In my experience, there are four steps to troubleshooting this issue and getting the delta files to roll back up into the disk files. You hopefully will not have to complete all four, as they are steps for “this fix isn’t working.” The first two can be done on a running VM, so you incur no downtime; the second two require you to take down the VM.
Step 1: Unlock the snapshot
The first step is to get the snapshot unlocked. The trick to this is to migrate the VM from the host it is on to another and then back again. Those of you using a vCenter-based infrastructure should know all about this. Just vMotion the machine, not the datastore, from one host to another.

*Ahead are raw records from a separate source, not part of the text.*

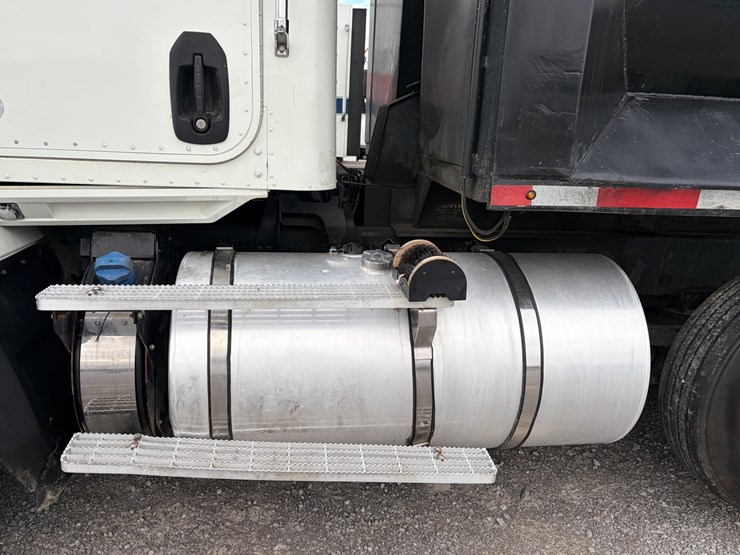 2016-caterpillar-ct660s-image-3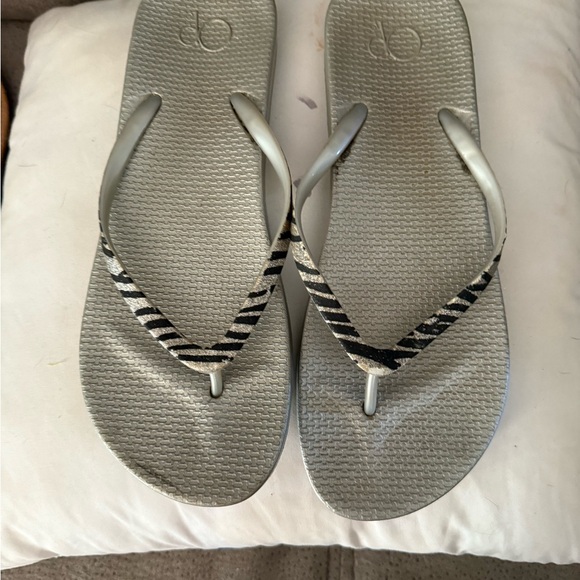 OP Silver Sandals with Zebra Straps - Picture 1 of 2
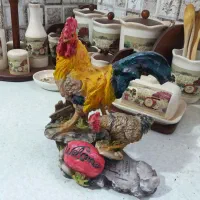 مجسمه خروس و مرغ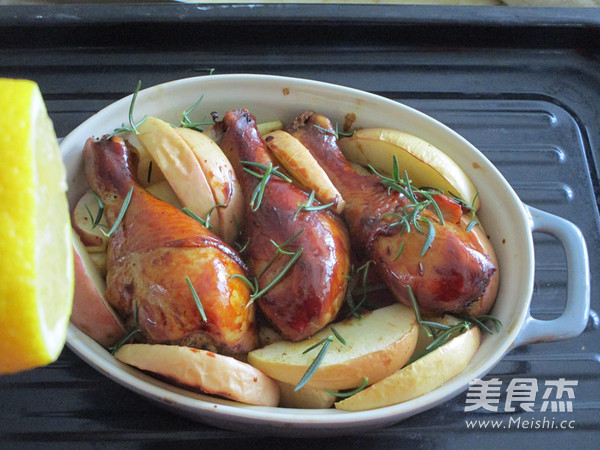 柠香苹果烤鸡腿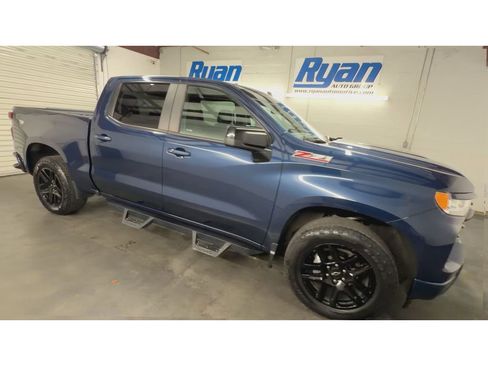 Used 2022 Chevrolet Silverado 1500 RST AWD/4WD image 2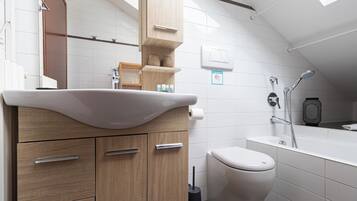 Departamento (1 Bedroom) | Baño | Tina, bidet, toallas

It is important to vMotion the machine back to the original host. If you don’t, you get introduced to another error. Once the process is finished, you should be able to go into Snapshot Manager and click the “Delete All” button to clear them all out. Don’t be alarmed if the process of “Remove all snapshots” seems to hang on 95%; this is normal operation and, depending on the size and quantity of the snapshots, this process can take many, many hours.
Step 2: Trick vCenter
In some cases, after you perform the migration and you open Snapshot Manager, it appears that the VM has magically gotten rid of all of its snapshots. If you browse the datastore where the VM resides, using either the GUI VI Client or the CLI via SSH, you will still see the delta files there. If this is the case, you can trick vCenter into showing you the snapshots again by creating another snapshot manually (right-click VM, choose snapshot, “Take Snapshot”). When done, all of your Consolidate Helpers will reappear. After that, try to Delete All from the Snapshot Manager again.
Step 3: Migrate the datastore
If you have gotten to this point, I hate to tell you but you are now looking at some down time from here on out. If the snapshots still haven’t moved, the next step in my process is to shut down the virtual machine and migrate the datastore. Yes, I know, you are probably screaming at the screen about the fact that, with ESX 4, you don’t have to shut down to migrate the data any more. However, if you have reached this step, there are most likely more delta files than the VI client could handle before reaching the timeout limit, and shutting down makes the process faster and more robust. Migrating the datastore will have the effect of rolling the deltas back up if the process completes successfully.
Step 4: Convert the virtual machine
This step is for those of you (myself included) who ignore the problem too long. ESX is only capable of handling 32 snapshots for any given VM. Beyond that, trying to Delete All will not work. Neither will migrating the datastore. In this case, you need to install VMware’s standalone Converter tool on the VM and perform what’s referred to as a v2v, or virtual to virtual, conversion. I’ve seen reference to just using the VI client to clone the VM, but this process was defined to me by VMware support, so I’ll trust their judgment.
I have only reached this step once, and I hope to avoid it from here on. Current Windows activation will not survive this process, so at the least you will have to reactivate. At worst, you might actually have to call Microsoft and have them manually activate your server.